Work order = Emit a verbatim copy of the lines below from the line with "Lochside, 1 The Corries" through the line with "蝴蝶结闪闪半扎发顶夹时尚大气", excluding pictures and everything outside that range.

Recorded data =
● ● ●

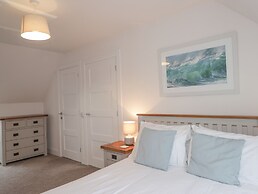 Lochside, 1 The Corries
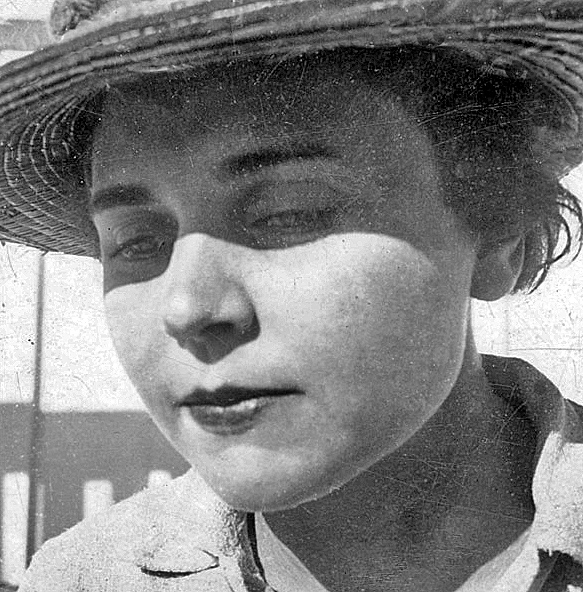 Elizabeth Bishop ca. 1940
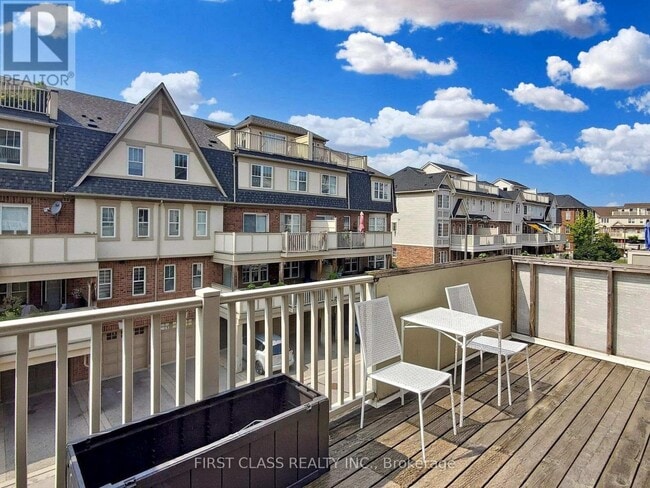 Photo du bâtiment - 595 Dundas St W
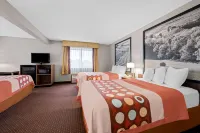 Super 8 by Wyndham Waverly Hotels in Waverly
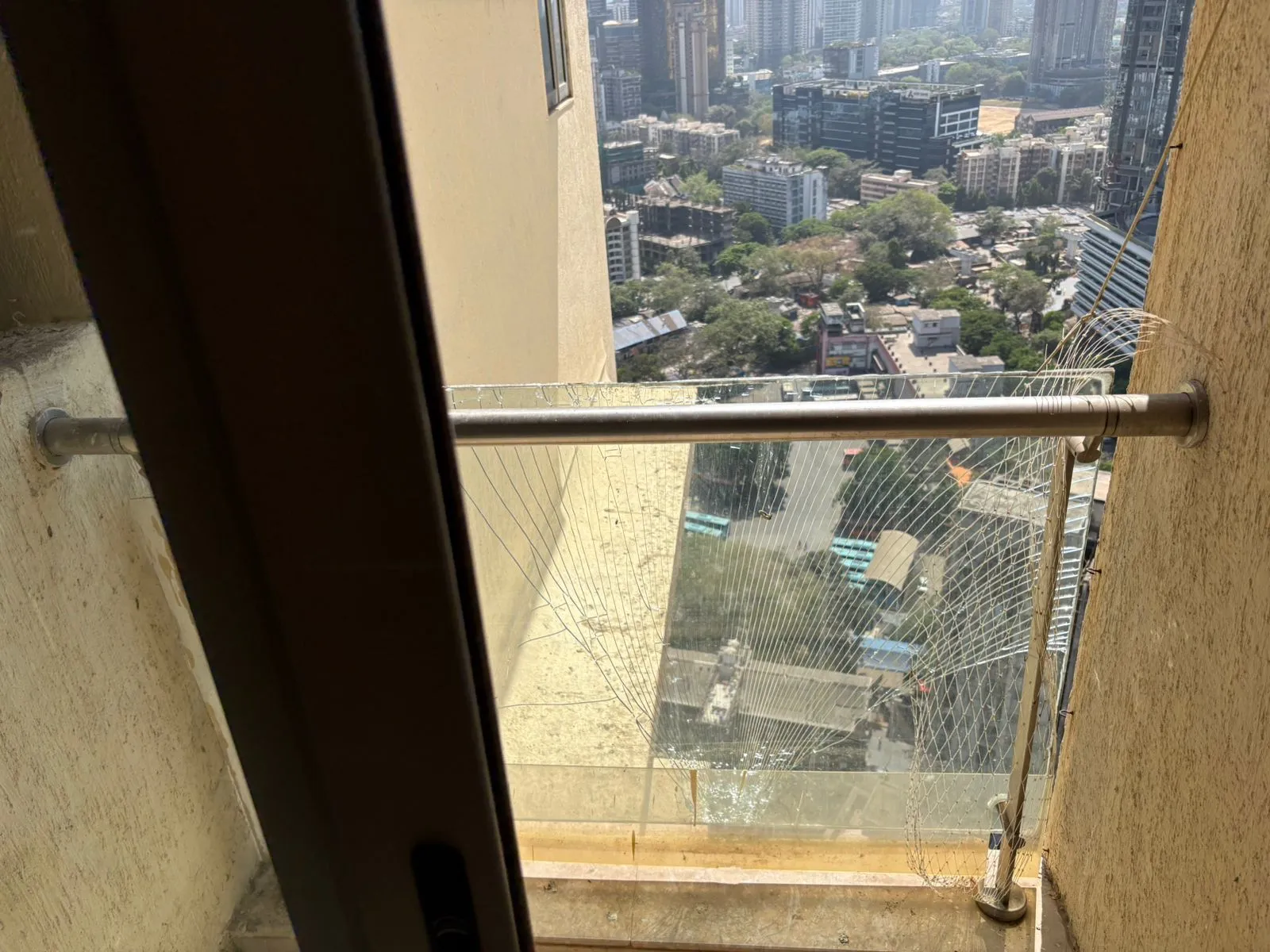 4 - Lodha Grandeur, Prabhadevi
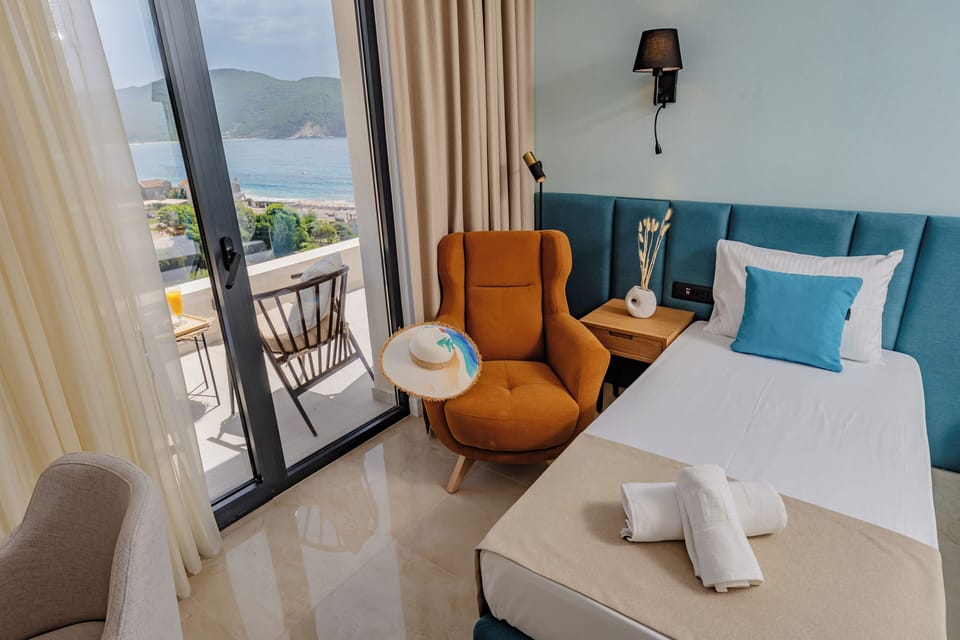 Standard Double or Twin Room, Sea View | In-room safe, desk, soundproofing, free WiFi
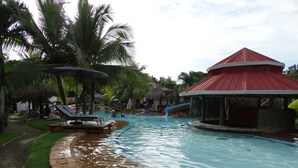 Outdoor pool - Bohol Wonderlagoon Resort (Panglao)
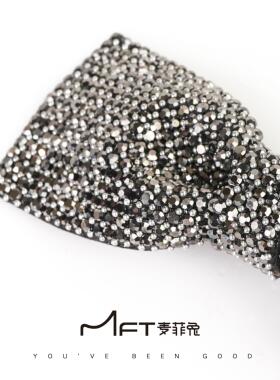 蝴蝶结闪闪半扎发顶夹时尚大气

● ● ●

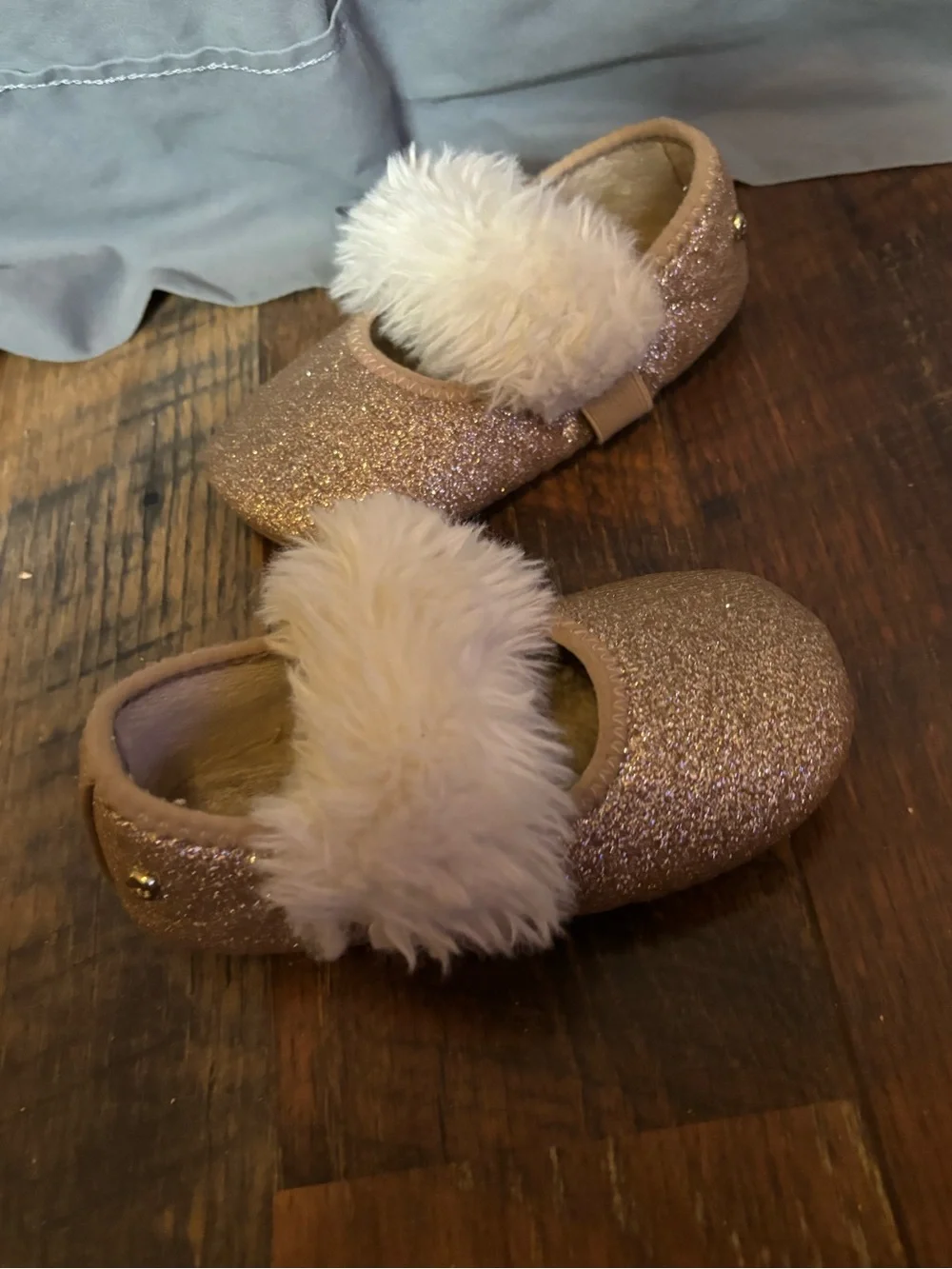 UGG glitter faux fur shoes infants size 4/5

● ● ●

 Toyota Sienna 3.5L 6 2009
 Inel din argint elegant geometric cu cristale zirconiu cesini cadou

● ● ●

Completed exercise =
 Lochside, 1 The Corries
 Elizabeth Bishop ca. 1940
 Photo du bâtiment - 595 Dundas St W
 Super 8 by Wyndham Waverly Hotels in Waverly
 4 - Lodha Grandeur, Prabhadevi
 Standard Double or Twin Room, Sea View | In-room safe, desk, soundproofing, free WiFi
 Outdoor pool - Bohol Wonderlagoon Resort (Panglao)
 蝴蝶结闪闪半扎发顶夹时尚大气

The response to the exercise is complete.